Les juges ont partiellement accueilli cet argument et ont relevé que « laisser croire que des professionnels réalisent des profits excessifs ou réalisent des actes délictueux constitue du dénigrement ». 

Ils ont également relevé que Google ne rapportait pas la preuve que les avis litigieux reposaient sur une base factuelle suffisante dans la mesure où ces derniers n’étaient pas vérifiés préalablement à leur publication. 

Le Tribunal a alors condamné la société Google pour dénigrement, estimant que cette dernière profitait directement des avis dénigrants puisque la publicité adressée aux professionnels était basée « sur la possibilité d’améliorer les avis Google et la visibilité de l’entreprise ».

Les juges ont également reconnu que Google avait commis des agissements parasitaires en créant des fiches aux professionnels sans leur accord, tout en les empêchant d’en obtenir la suppression. 

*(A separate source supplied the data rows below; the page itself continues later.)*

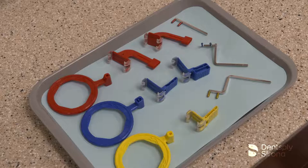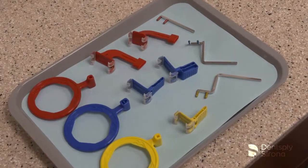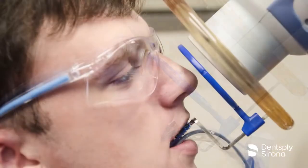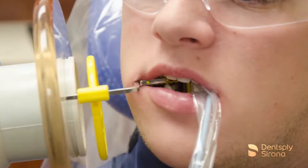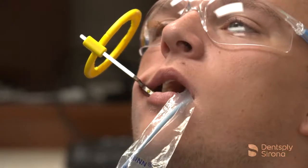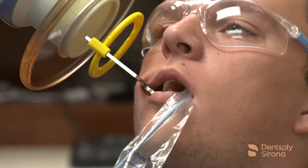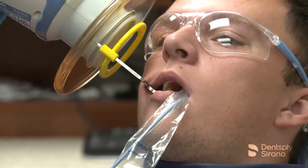RIN's XCP short arm aiming devices were designed for use with handheld portable x-ray units. The XCP short arms are up to 48 percent shorter than RIN's standard XCP arms, enabling closer positioning to the patient's face. Using the XCP short arm makes it easier and faster for the clinician to align the handheld x-ray unit accurately than if an aiming system wasn't utilized.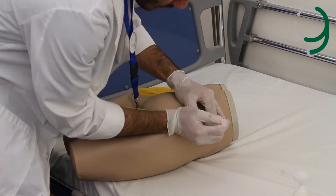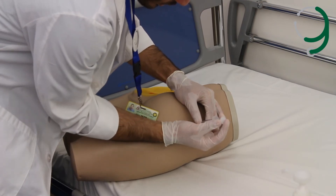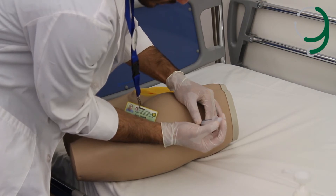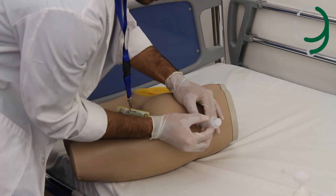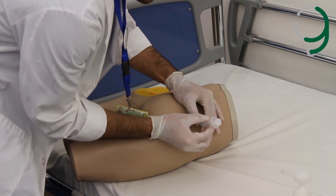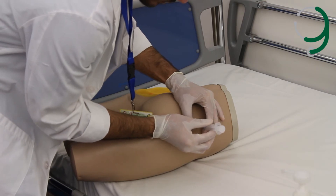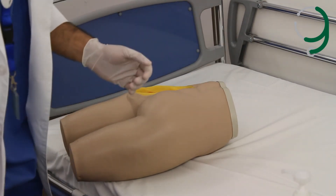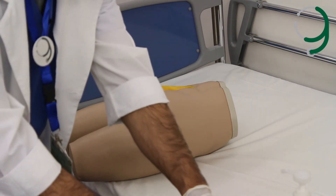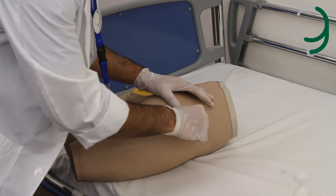We aspirate just a little bit to make sure we're not in a blood vessel. Then we inject the medication slowly. We wait for 10 seconds, then draw the needle out and remove the non-dominant hand. We wipe it again with the alcohol swab and put a plaster if needed.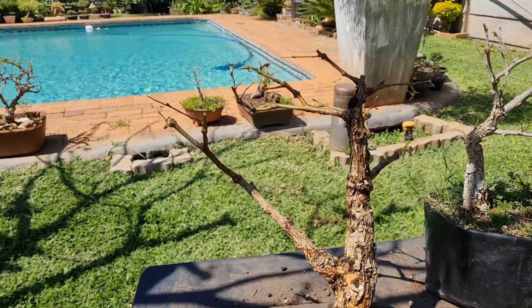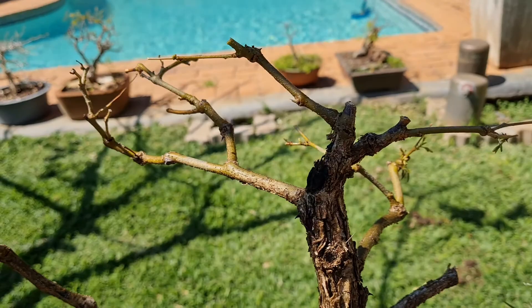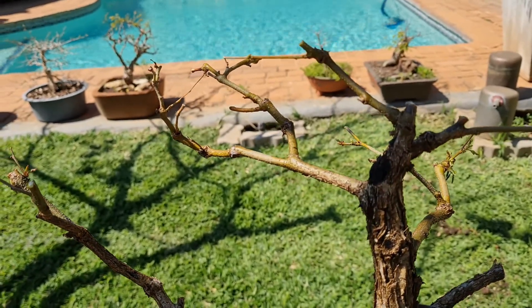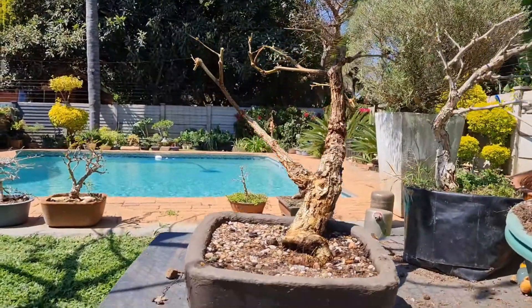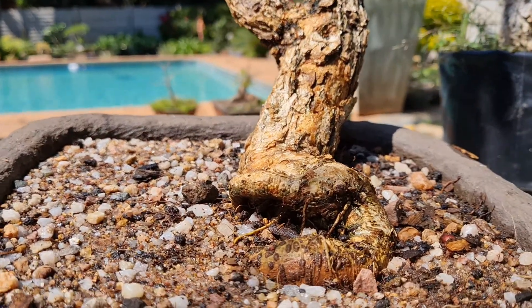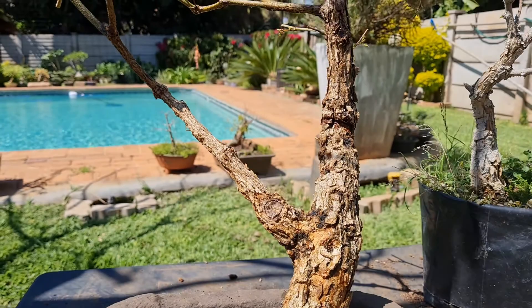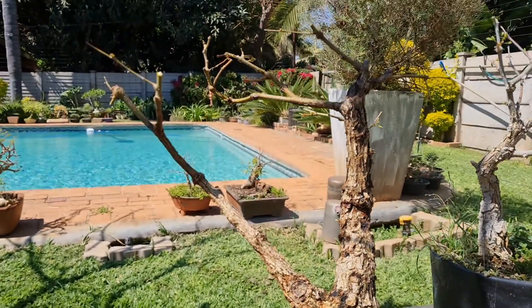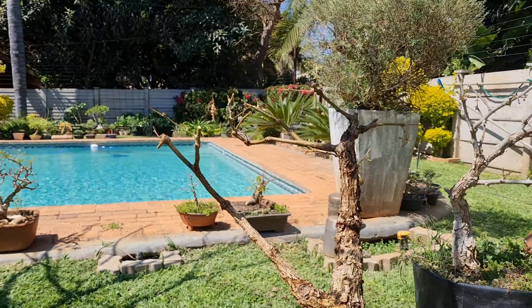This tree doesn't need much pruning — I'm happy with what I've done. I'll just come and remove this dead branch over here. That's it for this tree — I'll place it in the shade now for about a week or so and then I'll move it back into the sun.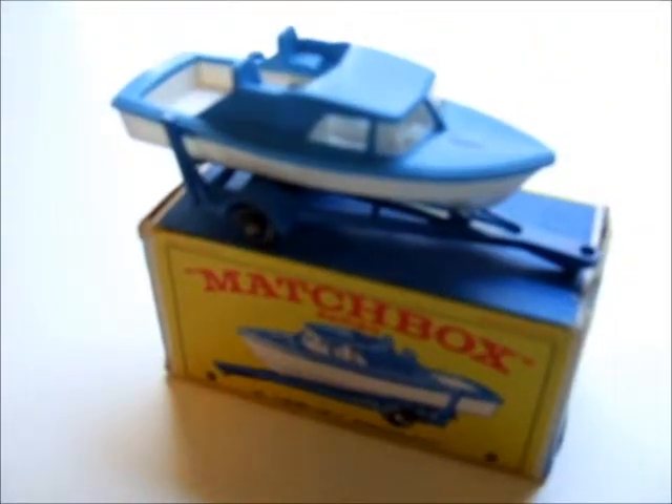Welcome back to my reviews. Today I've got number 9D in the Matchbox series: Cabin Cruiser and Trailer.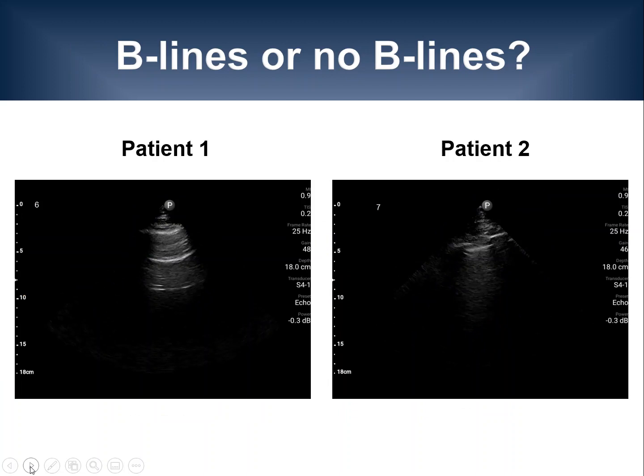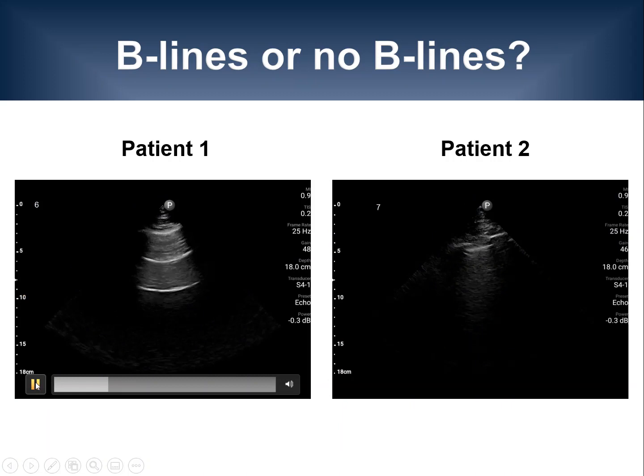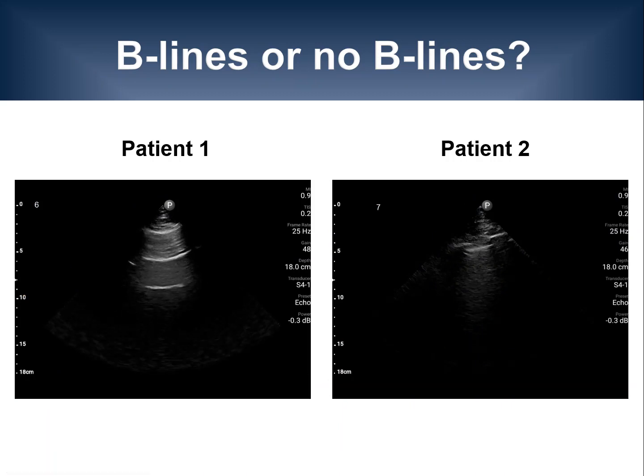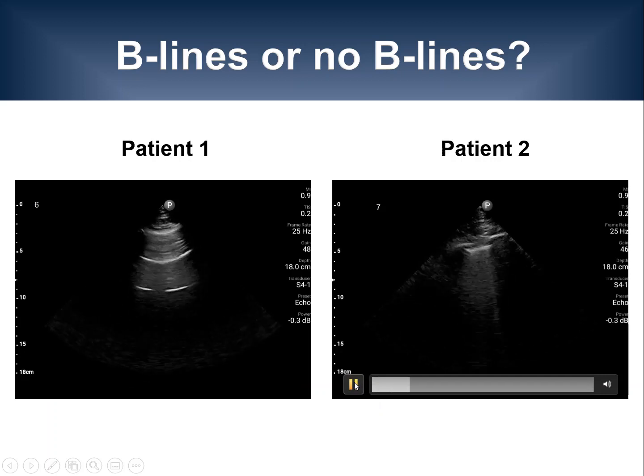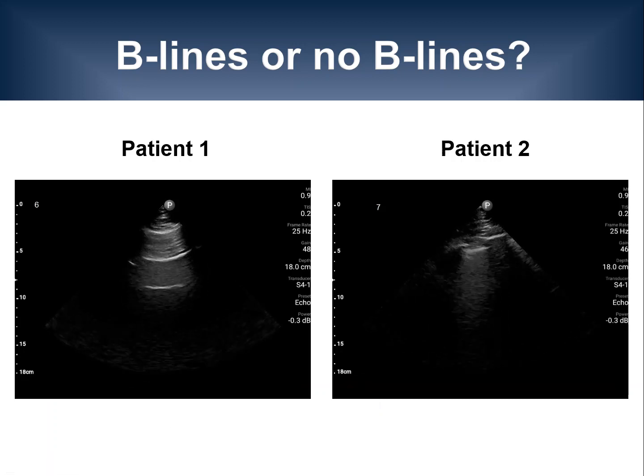As I mentioned earlier, lung ultrasound examinations can also be performed with pocket ultrasound devices. Here are two examples: patient 1 without any B-lines, and patient 2 who shows multiple B-lines.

En conséquence, le Tribunal a jugé que Google tirait indument profit de la réputation des professionnels pour vendre ses propres services. 

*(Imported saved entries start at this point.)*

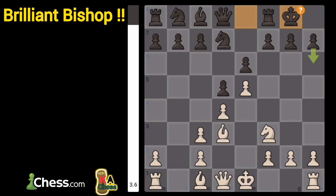If you have a knight on f3, and a bishop on d3, and a pawn on e5, and black's king is castled, and there is no bishop on e7, you can play this brilliant move.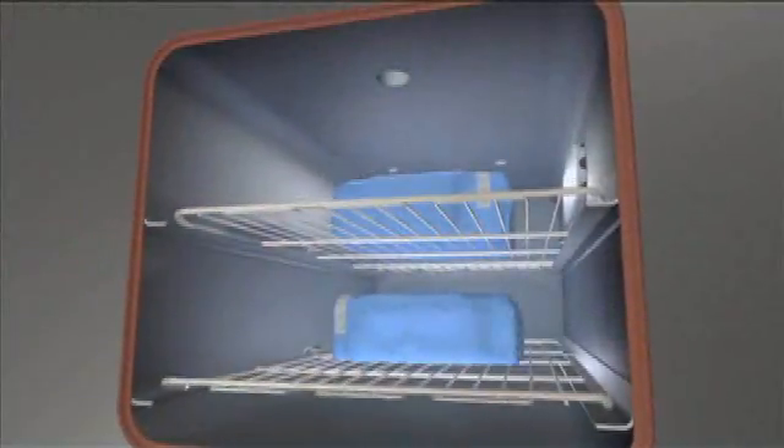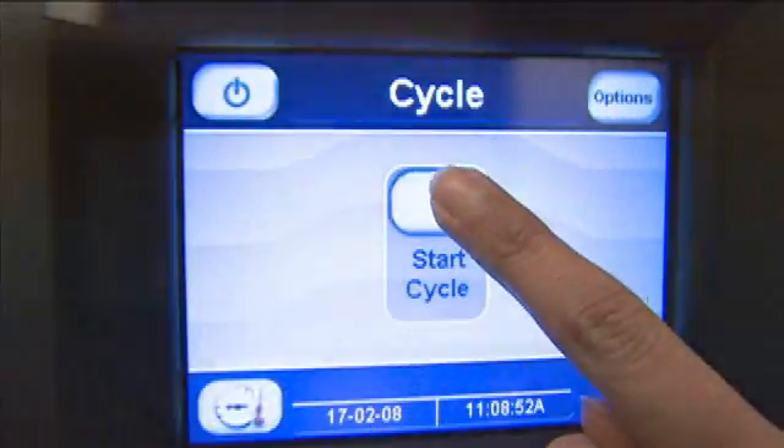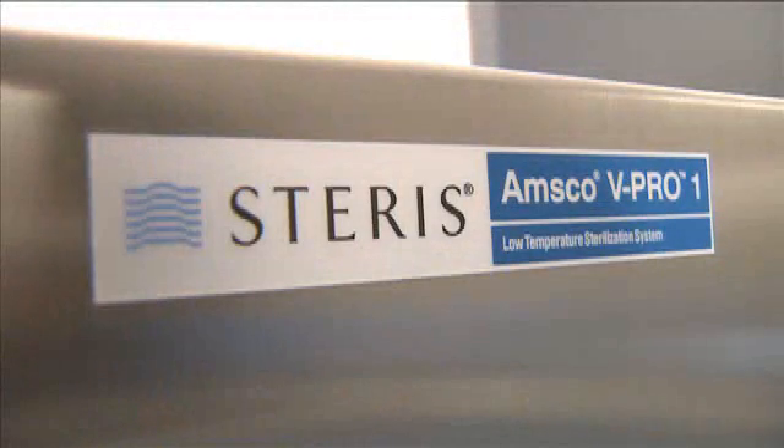The AMSCO V-PRO-1 from Steris. Helping you simplify your life in today's hectic healthcare environment.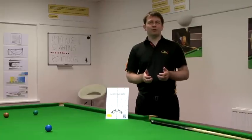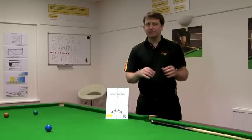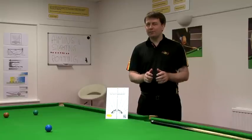Hi, I'm Nick Barrow, founder of The Snooker Gym. I'd like to introduce you to a revolutionary new product that will help your aiming, sighting and potting on any shot on the table. It's called the Aimframe.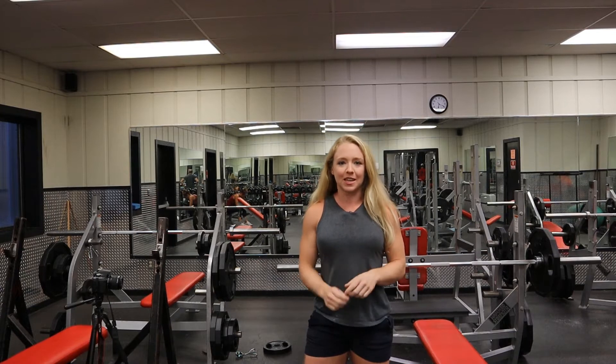Hey guys, this is Brittany here at the SportsCenter coming to you with a fit tip to elevate your fitness game.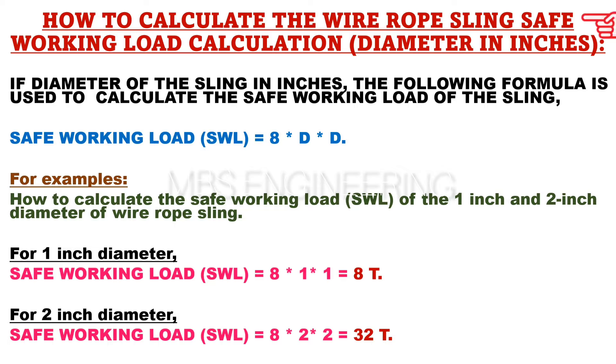If the diameter of the sling is measured in inches, the following formula can be used to calculate the SWL, or safe working load. SWL, or safe working load capacity in tons, is equals to 8 into D into D.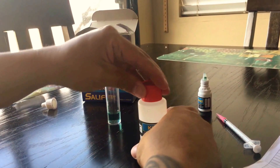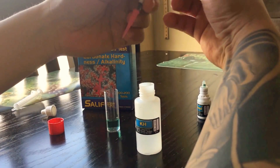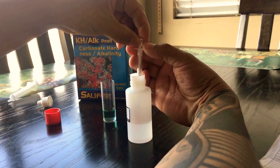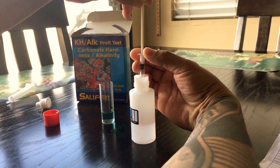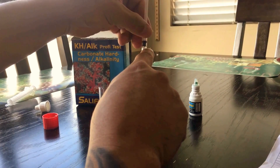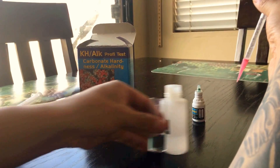Then you're gonna use the other solution with the second syringe — fill it to the one millimeter mark. The mark is on the bottom part of the syringe, right here — you can see it. That's the mark. Not the upper one, the bottom one.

Le Tribunal a condamné Google au paiement de la somme de 20 000 euros au titre de son préjudice moral, à la suppression de la fiche litigieuse sous astreinte de 100 euros par jour de retard et à 20 000 euros au titre des frais irrépétibles.

Que retenir de ce jugement ? 

  • La création de fiches entreprises sur Google n’a pas pour finalité l’information du public, même si son service tend également à cet objectif. En réalité, l’objectif poursuivi par le traitement mis en œuvre est de permettre à Google d’effectuer des activités de prospection commerciale.
  • L’intérêt légitime de Google d’informer le public en constituant un annuaire universel ne prévaut pas sur les droits et libertés fondamentaux des personnes concernées, susceptibles de subir des conséquences négatives importantes du fait d’avis publiés sans vérification de leur authenticité. 
  • Les professionnels fichés dans le service Google My Business peuvent demander la suppression de leur fiche sur le fondement de leur droit d’opposition et de leur droit à l’oubli.
  • Google peut être tenue responsable des avis dénigrants publiés sur son service Google My Business qu’elle s’est abstenue de retirer malgré leur signalement. 

Lire le jugement du Tribunal judiciaire de Chambéry du 15 septembre 2022 (sur legalis.net)


[1] Les sociétés SARL GOOGLE France, GOOGLE LLC et GOOGLE IRELAND LIMITED étaient assignées. Notons que la SARL GOOGLE FRANCE, qui exerce une activité marketing n’a pas été mise hors de cause comme elle le demandait.